If you have a skin problem please do not hesitate to seek advice from your dermatologist. As we begin to leave Covid behind don’t allow your own personal health to suffer through delay.

*With grateful acknowledgement to Counties Manukau Health

 

Teledermatology during Covid 19

3 Apr, 2020

Covid 19 has arrived in New Zealand and this has produced rapid and profound change for us all in our work style. New Zealand dermatologists have adapted to the new environment and are strictly following the advice of the New Zealand government. Check the website of your dermatologist as this will explain the new procedures and give contact details.

Dermatology is well suited for telemedicine. Online virtual consultations are different but allow your care to continue during this period particularly for urgent problems. Ideally these are done in real time using video conferencing so that you can directly consult with your dermatologist. Sometimes it is easier to have the consultation on your smart phone rather than laptop or desktop so that the camera can be moved easily and the dermatologist can look at different areas of skin.

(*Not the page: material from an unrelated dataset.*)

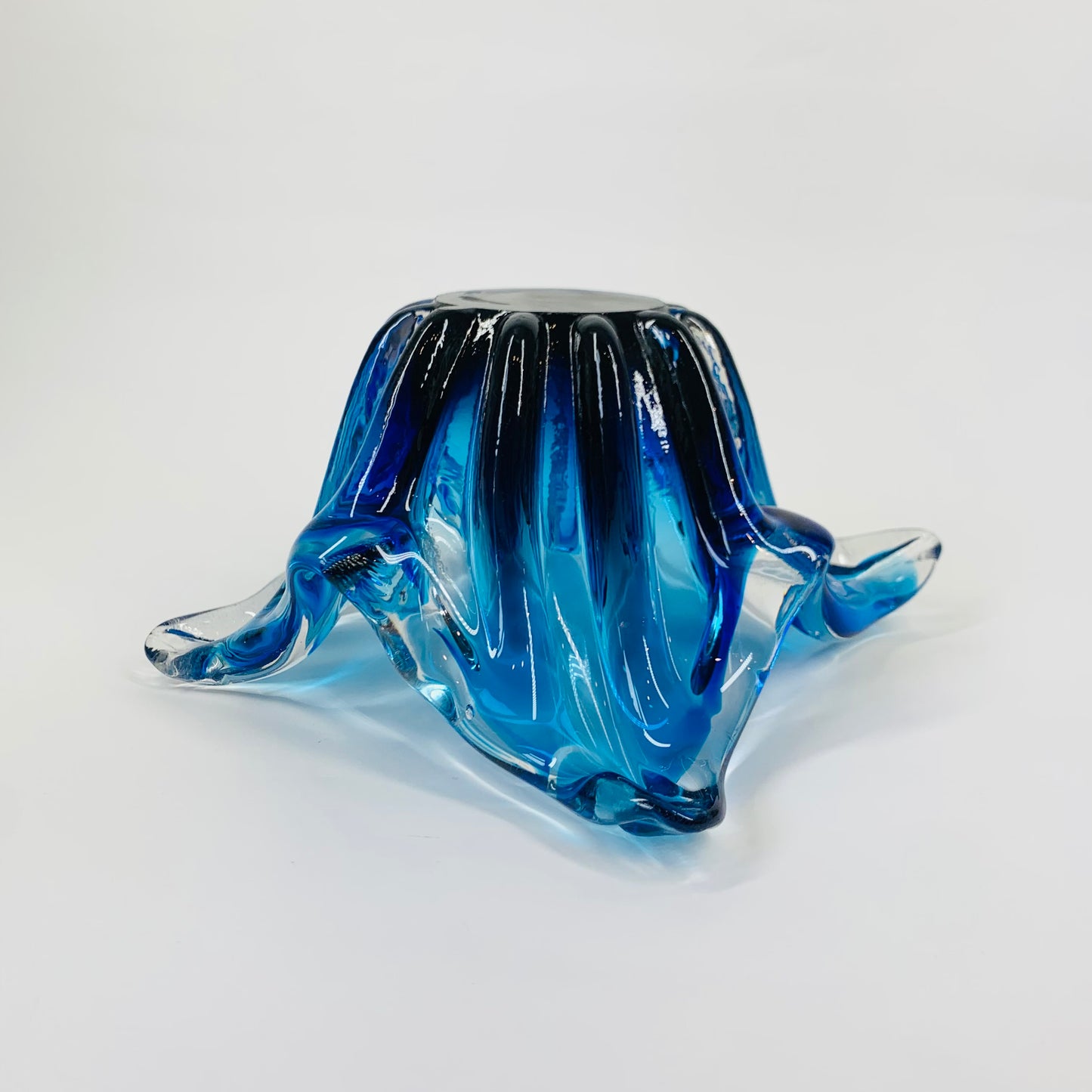 JAPANESE BLUE OMBRE PINCHED BOWL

It may be helpful to have someone who is with you in your “bubble” to help you move the phone to areas that you cannot easily reach. 

Some areas of New Zealand are very remote and internet access is unstable or poor quality. Another way to seek help is for you to take photographs and e mail them to your dermatologist who can phone you.  If you send photos make sure they are in focus and with a well-lit background so that the detail of the problem can be seen. For a dermatologist it is often helpful to see where the rash is on your body so take a “long shot” as well as “close ups” so that detail can be seen. 

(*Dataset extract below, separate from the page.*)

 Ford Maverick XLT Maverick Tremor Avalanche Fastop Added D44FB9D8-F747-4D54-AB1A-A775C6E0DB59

Pharmacies remain open. Your dermatologist can send the prescription to the pharmacy. Remember to be very specific with the exact details of your pharmacy so that the prescription is sent to the right one!  Give the pharmacy a ring from home to make sure the medicine is ready to be picked up.  Do not go if you are immunocompromised or over 70 years old.

Major health insurers in New Zealand have agreed to fund virtual consultations during this period. The insurers who we understand have agreed to virtual consultations include Southern Cross, Accuro, NIB, AIA, AA, Police Plan, Sovereign and Partners Life.  Check with your insurer for details prior to the consultation.

Every New Zealand dermatologist extends their best wishes to you and your family/whānau during this time. Stay well, stay safe and be kind to each other.  

 

NZDSI Dermatologists: The Authority on Medical Dermatology, Surgical Dermatology and Cosmetic Dermatology. Why is this justified?

9 Feb, 2020

Although dermatologists are expert in all skin disorders, some have specialty interests and focus their work in specific areas. Some specialise in surgical dermatology especially skin cancer, some in medical dermatology (rashes) and some in cosmetic dermatology. If you look at the New Zealand Dermatological Society Inc (NZDSI) web page you will see the statement “The Authority on Medical Dermatology, Surgical Dermatology and Cosmetic Dermatology”. Why is this justified?

Training to become a dermatologist in New Zealand is rigorous. It may take 12-15 years. Initially there is the university course to graduate as a doctor, usually 6 years. Then follows post graduate training. The initial part is to pass the examinations of Royal Australasian College of Physicians which can be sat after 3 years. After passing these exams, the prospective dermatologist can then apply for a dermatology training position. This is a further 4 years whole time with 2 years spent overseas to build international experience. Some dermatologists will undertake specific additional training in their specific field of interest.
This detail is given so that you can understand the depth and length of training required to become a dermatologist in New Zealand and for you to have confidence in the dermatologist you choose to see. For example, if you have a specific cosmetic question, you will have assurance that the dermatologist will have a full understanding of all the medical (non-surgical) and surgical options for you based on deep and broad experience.

Only NZDSI Dermatologists are permitted to use the distinctive logo. Look for it.